AIM OF THE TASK: Copy out each line of the material exactly. Pictures do not belong in the copy.

---------- DATASET EXTRACT ----------

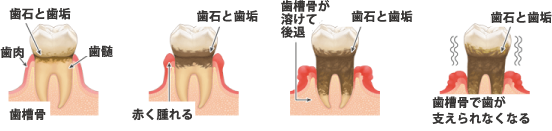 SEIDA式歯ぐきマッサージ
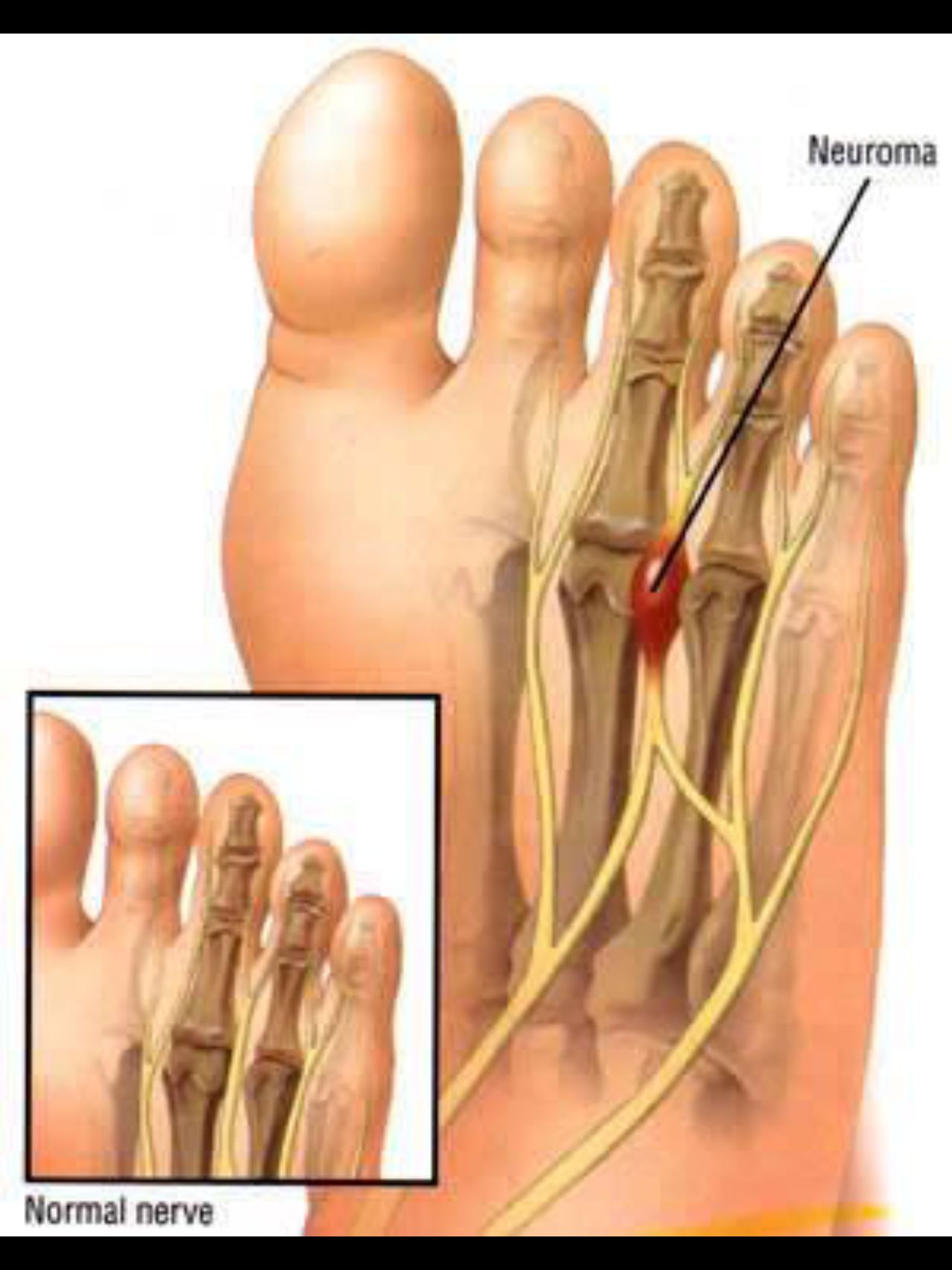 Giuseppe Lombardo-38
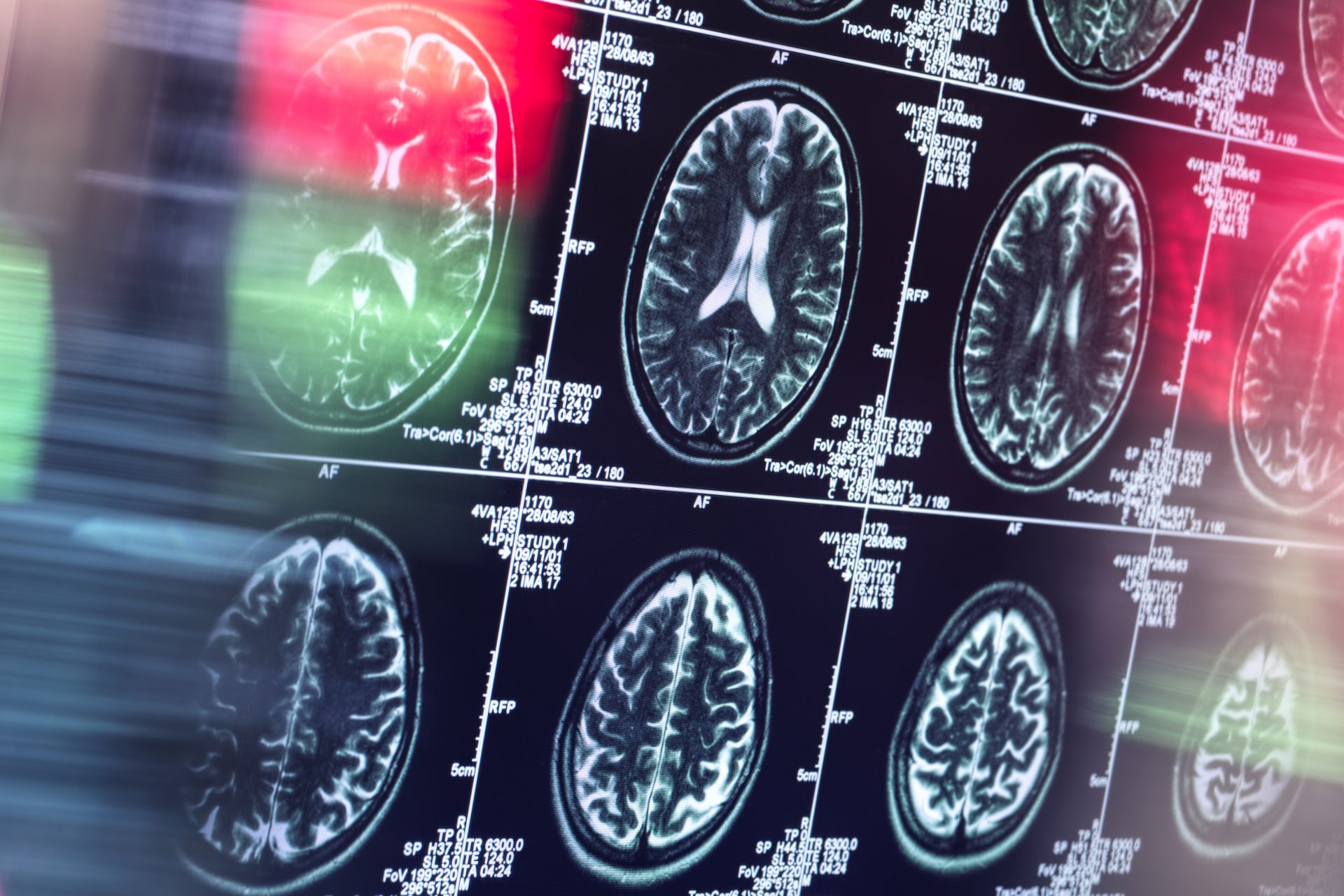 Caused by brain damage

----------

COMPLETED TASK:
 SEIDA式歯ぐきマッサージ
 Giuseppe Lombardo-38
 Caused by brain damage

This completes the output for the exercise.